I originally bought a one-way ticket to New York, switched it to L.A. at the last minute, and moved within the following week. I didn’t know anybody. It was weird, like the first day of school where you don’t know anybody. It was very strange, very scary actually.
The new songs focus on mental health, which is something I’ve always been quite passionate about. The move kicked all of that back up again. I wouldn’t be able to do any of this if it weren’t for those fans, and it’s very important to give back. It did fill a bit of a void for human interaction, just being on the phone while still trying to get back up on my feet. There’s a lot of people going through a lot of stress, going through a lot of worry, so I wanted to make myself available.
The main thing was that I wanted to get away from the U.K., so I made this move. When I got here, I took a bit of time off, just to focus on myself for a few months. Then I started to think, “Well, I need to document this first year, and I obviously need to use this first year to dial myself in and feel comfortable.” It was almost like a diary. I wanted to be able to go “this song is about shitty L.A. people, this song is about loneliness in a new country, this song is about starting a relationship in a different country.” Each song is its own kind of backstory.
It’s because documenting that year felt important. I feel like a lot of people will move cities, and a lot of people will move countries. Yeah, that’s going to inspire, but I would want to experience that in a new way. If someone taught me “this song is influenced by a move in a country,” or something like that, then I’d really want to understand them. It’s important to have them in that order so people can go through it with me and the reflection of it. It’s just songwriting is my story, basically, and I put them all together on an album in the order that it happened.

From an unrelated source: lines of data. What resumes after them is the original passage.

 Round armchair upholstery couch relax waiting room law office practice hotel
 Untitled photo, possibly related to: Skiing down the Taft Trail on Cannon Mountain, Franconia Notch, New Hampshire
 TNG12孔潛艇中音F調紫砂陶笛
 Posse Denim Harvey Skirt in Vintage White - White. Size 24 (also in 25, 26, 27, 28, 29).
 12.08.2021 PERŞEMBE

A song like “Yesterday,” which started the whole thing, is a song I’m really proud of. It’s a kind of song I had not written before. I remember writing it, and I remember playing the guitar in a new tuning, and it all felt very new. I was actually proud of myself in the way that I wrote that song. I kind of challenged myself. I really pushed myself to do that, so I enjoyed that one.
I’ve been thinking about that a lot. It’s weird because this first time, I was like “I’m going to spend these first two years here. I’d like to have a year of experiences and writing songs, and maybe the second year I’ll go to the studio.” So I’ve done all of that now, but I’m definitely not ready to leave yet. I’ve been thinking that I’d really like to hit five years, spend another three years and see how it goes, maybe another album. I’ll see where I go then.

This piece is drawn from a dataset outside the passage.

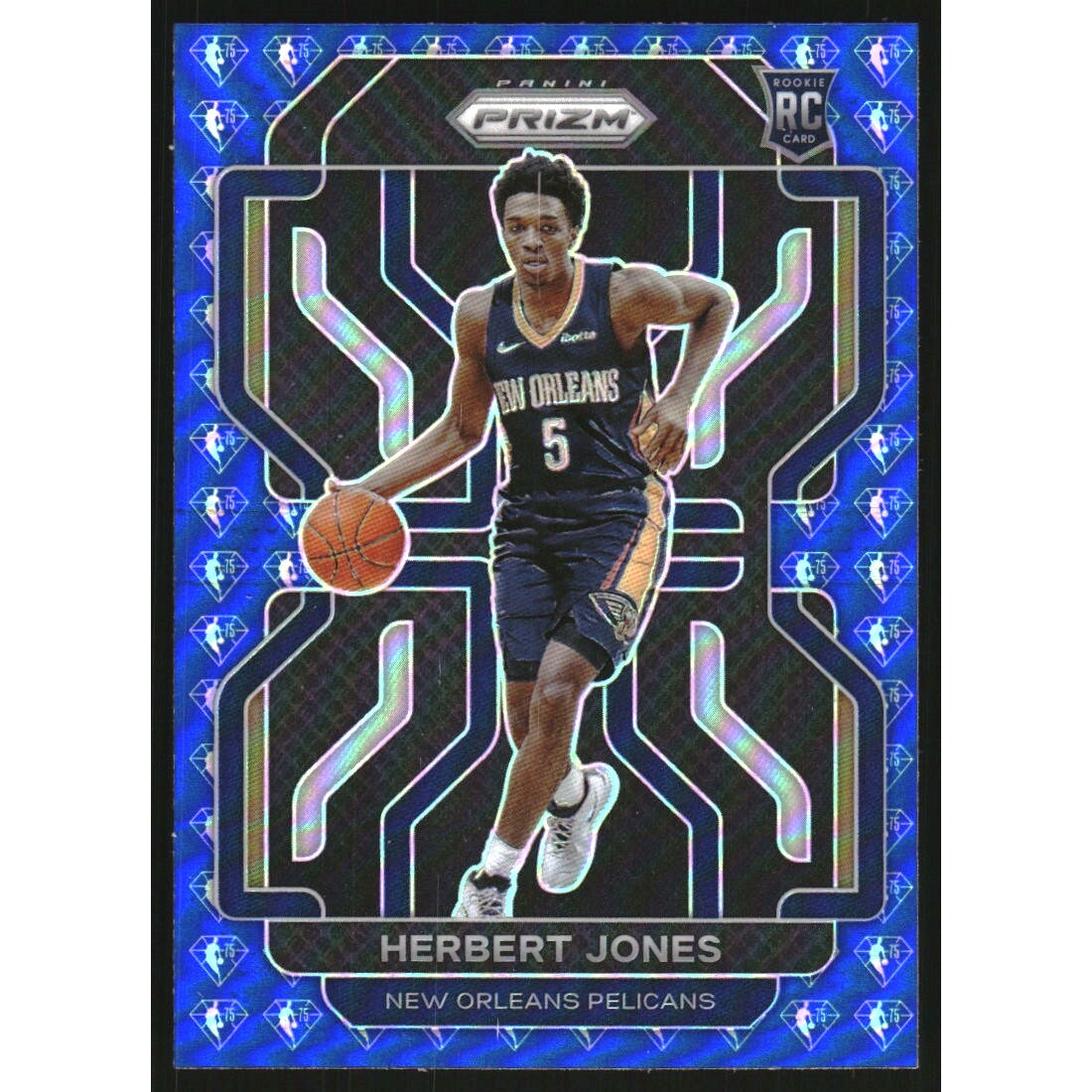 2021-22 Panini Prizm Prizms NBA 75th Anniversary #329 Herbert Jones 2021-22 Panini Prizm Prizms NBA 75th Anniversary #329 Herbert Jones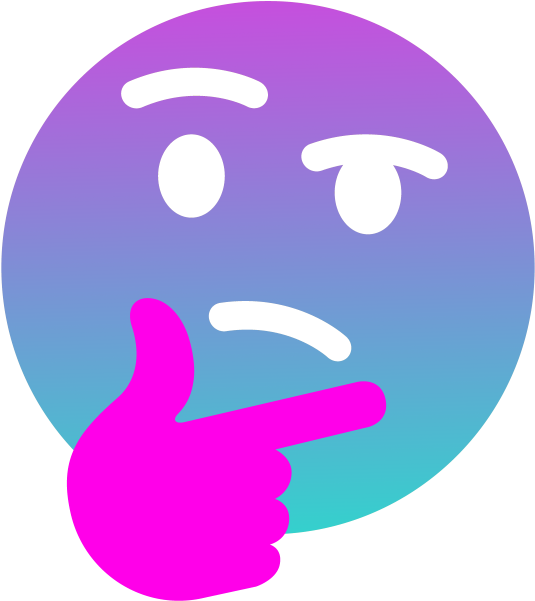 Asthethink Discord Emoji - Thinking Meme (600x600), Png Download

Well, it’s weird. It’s such a strange feeling for me; I’m about to put an album out, and I’m not able to tour it. When you release an album, you tour it. It’s part of the promotion, but that’s not going on, and it’s strange to put out an album. I think I’m just going to keep releasing more music. I think I’ve finally found my sound. It’s come full circle, and I’m very happy with where I am right now musically. So I just want to keep putting out music like this, and we’ll see what happens in the future with all the COVID stuff.

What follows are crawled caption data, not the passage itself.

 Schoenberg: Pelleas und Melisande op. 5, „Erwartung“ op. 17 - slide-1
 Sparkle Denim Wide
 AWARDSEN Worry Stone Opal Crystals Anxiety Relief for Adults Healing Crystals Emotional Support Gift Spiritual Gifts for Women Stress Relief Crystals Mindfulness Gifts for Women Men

Yeah, you’re running a business, and it’s so strange for people. The campaign is a part of that business, and the campaign can last a year because you tour and you have festival season. But that campaign has gone from being a year to almost a couple of weeks now. It’s so strange. A lot of people have to think on their feet, which is kind of exciting, as well. I guess we’ll just have to see what happens, but for the most part, I’m just going to keep doing music and keep it all going.